**TASK DETAILS**. As soon as the line containing "ASU 2024 Pat" appears in the material below, start returning lines exactly, and end with the line containing "Rideau de douche".

□ □ □

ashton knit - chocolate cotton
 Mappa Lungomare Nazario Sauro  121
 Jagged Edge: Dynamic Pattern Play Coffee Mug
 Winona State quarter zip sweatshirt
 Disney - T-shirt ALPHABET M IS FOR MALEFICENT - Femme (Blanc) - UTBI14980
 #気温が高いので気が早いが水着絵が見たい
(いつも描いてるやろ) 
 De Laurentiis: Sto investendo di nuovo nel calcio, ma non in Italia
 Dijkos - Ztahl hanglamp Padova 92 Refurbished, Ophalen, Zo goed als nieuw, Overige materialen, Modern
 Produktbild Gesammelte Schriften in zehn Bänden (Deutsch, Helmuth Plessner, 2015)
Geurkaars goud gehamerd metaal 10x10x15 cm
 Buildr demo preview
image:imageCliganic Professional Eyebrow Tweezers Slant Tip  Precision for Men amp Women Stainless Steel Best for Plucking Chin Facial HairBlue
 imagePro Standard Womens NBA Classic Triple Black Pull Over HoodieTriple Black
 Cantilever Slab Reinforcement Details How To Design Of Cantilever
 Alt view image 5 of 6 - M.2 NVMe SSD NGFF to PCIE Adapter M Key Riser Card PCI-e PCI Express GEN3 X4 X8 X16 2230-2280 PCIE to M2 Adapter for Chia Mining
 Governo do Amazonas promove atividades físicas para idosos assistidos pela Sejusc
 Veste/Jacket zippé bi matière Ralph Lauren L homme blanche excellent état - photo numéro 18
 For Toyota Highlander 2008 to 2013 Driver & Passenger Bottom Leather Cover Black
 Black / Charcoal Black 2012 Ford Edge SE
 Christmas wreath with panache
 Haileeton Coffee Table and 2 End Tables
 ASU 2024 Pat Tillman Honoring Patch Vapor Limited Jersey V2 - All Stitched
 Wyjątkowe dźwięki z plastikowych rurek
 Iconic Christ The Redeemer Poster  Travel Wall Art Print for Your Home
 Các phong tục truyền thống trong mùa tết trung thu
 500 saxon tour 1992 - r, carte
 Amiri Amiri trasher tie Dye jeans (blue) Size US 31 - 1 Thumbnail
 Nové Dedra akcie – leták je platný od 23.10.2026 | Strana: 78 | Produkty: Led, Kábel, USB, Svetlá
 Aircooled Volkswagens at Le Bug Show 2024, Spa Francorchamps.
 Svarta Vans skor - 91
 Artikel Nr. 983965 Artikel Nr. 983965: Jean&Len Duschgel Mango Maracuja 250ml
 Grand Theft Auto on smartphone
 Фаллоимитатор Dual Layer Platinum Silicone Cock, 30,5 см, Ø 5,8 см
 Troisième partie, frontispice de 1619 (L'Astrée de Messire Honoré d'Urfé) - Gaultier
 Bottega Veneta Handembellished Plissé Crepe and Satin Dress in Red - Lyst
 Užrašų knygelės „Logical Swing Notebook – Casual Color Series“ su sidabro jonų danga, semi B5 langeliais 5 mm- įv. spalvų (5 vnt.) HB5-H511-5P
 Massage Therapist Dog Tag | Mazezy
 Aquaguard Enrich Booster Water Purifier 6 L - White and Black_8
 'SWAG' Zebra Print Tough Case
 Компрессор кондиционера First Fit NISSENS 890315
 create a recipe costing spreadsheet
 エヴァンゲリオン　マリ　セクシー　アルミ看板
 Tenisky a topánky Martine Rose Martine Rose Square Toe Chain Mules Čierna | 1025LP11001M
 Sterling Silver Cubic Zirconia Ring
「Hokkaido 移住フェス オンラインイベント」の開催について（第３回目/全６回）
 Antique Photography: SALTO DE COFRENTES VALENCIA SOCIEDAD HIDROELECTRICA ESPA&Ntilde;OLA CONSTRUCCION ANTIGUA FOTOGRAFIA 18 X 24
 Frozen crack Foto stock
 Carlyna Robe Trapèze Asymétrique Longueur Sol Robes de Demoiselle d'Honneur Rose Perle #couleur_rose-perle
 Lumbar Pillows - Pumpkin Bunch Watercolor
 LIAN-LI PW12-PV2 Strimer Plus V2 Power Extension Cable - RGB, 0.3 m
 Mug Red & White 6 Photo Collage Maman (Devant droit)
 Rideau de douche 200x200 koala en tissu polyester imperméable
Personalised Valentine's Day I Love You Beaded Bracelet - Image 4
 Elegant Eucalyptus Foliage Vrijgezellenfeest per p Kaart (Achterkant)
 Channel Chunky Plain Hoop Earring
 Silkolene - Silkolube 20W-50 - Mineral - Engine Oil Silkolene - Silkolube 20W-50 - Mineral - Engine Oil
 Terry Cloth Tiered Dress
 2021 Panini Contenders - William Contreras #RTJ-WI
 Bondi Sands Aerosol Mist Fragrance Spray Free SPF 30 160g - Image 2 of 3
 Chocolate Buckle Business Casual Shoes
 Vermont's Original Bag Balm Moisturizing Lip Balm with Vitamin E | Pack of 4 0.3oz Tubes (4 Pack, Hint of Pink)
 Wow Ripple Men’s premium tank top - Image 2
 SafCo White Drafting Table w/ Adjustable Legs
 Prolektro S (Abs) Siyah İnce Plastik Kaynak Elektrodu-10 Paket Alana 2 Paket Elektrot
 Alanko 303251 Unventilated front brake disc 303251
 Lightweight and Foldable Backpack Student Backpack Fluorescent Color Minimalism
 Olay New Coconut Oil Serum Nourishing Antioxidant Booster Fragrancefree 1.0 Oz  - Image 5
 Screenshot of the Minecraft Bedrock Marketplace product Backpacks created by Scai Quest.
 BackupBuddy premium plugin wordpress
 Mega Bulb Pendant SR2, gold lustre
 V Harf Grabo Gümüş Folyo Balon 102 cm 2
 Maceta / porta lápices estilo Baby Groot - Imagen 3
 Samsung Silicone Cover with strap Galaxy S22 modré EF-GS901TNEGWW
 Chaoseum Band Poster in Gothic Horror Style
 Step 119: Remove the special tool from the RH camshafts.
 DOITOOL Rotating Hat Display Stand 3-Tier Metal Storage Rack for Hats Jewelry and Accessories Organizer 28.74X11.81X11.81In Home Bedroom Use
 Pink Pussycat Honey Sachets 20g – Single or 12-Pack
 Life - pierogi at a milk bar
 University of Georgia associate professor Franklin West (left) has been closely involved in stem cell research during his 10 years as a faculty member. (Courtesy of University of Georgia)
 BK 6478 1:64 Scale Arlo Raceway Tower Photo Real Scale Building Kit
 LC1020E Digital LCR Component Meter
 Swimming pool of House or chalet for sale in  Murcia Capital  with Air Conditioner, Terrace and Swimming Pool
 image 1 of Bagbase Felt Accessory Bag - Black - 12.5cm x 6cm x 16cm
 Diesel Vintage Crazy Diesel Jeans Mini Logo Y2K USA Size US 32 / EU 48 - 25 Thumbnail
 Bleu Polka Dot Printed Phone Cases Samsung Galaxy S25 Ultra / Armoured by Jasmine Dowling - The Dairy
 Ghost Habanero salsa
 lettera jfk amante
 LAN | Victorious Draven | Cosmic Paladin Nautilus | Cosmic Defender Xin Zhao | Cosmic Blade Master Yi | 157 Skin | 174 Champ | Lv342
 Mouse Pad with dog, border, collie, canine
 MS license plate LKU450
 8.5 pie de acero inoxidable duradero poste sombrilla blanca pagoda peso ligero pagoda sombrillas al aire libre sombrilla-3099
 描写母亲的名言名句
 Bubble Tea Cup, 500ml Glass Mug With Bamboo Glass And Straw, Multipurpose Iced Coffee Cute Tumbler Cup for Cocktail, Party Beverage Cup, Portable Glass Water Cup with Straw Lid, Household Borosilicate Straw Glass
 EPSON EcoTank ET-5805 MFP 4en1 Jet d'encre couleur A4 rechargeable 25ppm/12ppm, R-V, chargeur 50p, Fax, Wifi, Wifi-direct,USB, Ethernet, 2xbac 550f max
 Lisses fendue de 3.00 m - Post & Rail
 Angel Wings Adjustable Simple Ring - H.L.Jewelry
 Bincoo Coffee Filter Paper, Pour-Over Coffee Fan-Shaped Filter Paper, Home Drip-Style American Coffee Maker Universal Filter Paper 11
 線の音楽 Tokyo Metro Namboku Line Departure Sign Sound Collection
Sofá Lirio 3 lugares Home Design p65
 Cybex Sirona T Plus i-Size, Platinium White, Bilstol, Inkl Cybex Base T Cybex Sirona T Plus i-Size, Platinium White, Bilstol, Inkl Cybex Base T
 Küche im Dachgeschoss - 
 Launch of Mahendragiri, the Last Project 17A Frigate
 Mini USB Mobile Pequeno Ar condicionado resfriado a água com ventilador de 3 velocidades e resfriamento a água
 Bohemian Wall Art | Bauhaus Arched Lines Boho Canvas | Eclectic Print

□ □ □

**SOLUTION TO THE PROBLEM**.
 ASU 2024 Pat Tillman Honoring Patch Vapor Limited Jersey V2 - All Stitched
 Wyjątkowe dźwięki z plastikowych rurek
 Iconic Christ The Redeemer Poster  Travel Wall Art Print for Your Home
 Các phong tục truyền thống trong mùa tết trung thu
 500 saxon tour 1992 - r, carte
 Amiri Amiri trasher tie Dye jeans (blue) Size US 31 - 1 Thumbnail
 Nové Dedra akcie – leták je platný od 23.10.2026 | Strana: 78 | Produkty: Led, Kábel, USB, Svetlá
 Aircooled Volkswagens at Le Bug Show 2024, Spa Francorchamps.
 Svarta Vans skor - 91
 Artikel Nr. 983965 Artikel Nr. 983965: Jean&Len Duschgel Mango Maracuja 250ml
 Grand Theft Auto on smartphone
 Фаллоимитатор Dual Layer Platinum Silicone Cock, 30,5 см, Ø 5,8 см
 Troisième partie, frontispice de 1619 (L'Astrée de Messire Honoré d'Urfé) - Gaultier
 Bottega Veneta Handembellished Plissé Crepe and Satin Dress in Red - Lyst
 Užrašų knygelės „Logical Swing Notebook – Casual Color Series“ su sidabro jonų danga, semi B5 langeliais 5 mm- įv. spalvų (5 vnt.) HB5-H511-5P
 Massage Therapist Dog Tag | Mazezy
 Aquaguard Enrich Booster Water Purifier 6 L - White and Black_8
 'SWAG' Zebra Print Tough Case
 Компрессор кондиционера First Fit NISSENS 890315
 create a recipe costing spreadsheet
 エヴァンゲリオン　マリ　セクシー　アルミ看板
 Tenisky a topánky Martine Rose Martine Rose Square Toe Chain Mules Čierna | 1025LP11001M
 Sterling Silver Cubic Zirconia Ring
「Hokkaido 移住フェス オンラインイベント」の開催について（第３回目/全６回）
 Antique Photography: SALTO DE COFRENTES VALENCIA SOCIEDAD HIDROELECTRICA ESPA&Ntilde;OLA CONSTRUCCION ANTIGUA FOTOGRAFIA 18 X 24
 Frozen crack Foto stock
 Carlyna Robe Trapèze Asymétrique Longueur Sol Robes de Demoiselle d'Honneur Rose Perle #couleur_rose-perle
 Lumbar Pillows - Pumpkin Bunch Watercolor
 LIAN-LI PW12-PV2 Strimer Plus V2 Power Extension Cable - RGB, 0.3 m
 Mug Red & White 6 Photo Collage Maman (Devant droit)
 Rideau de douche 200x200 koala en tissu polyester imperméable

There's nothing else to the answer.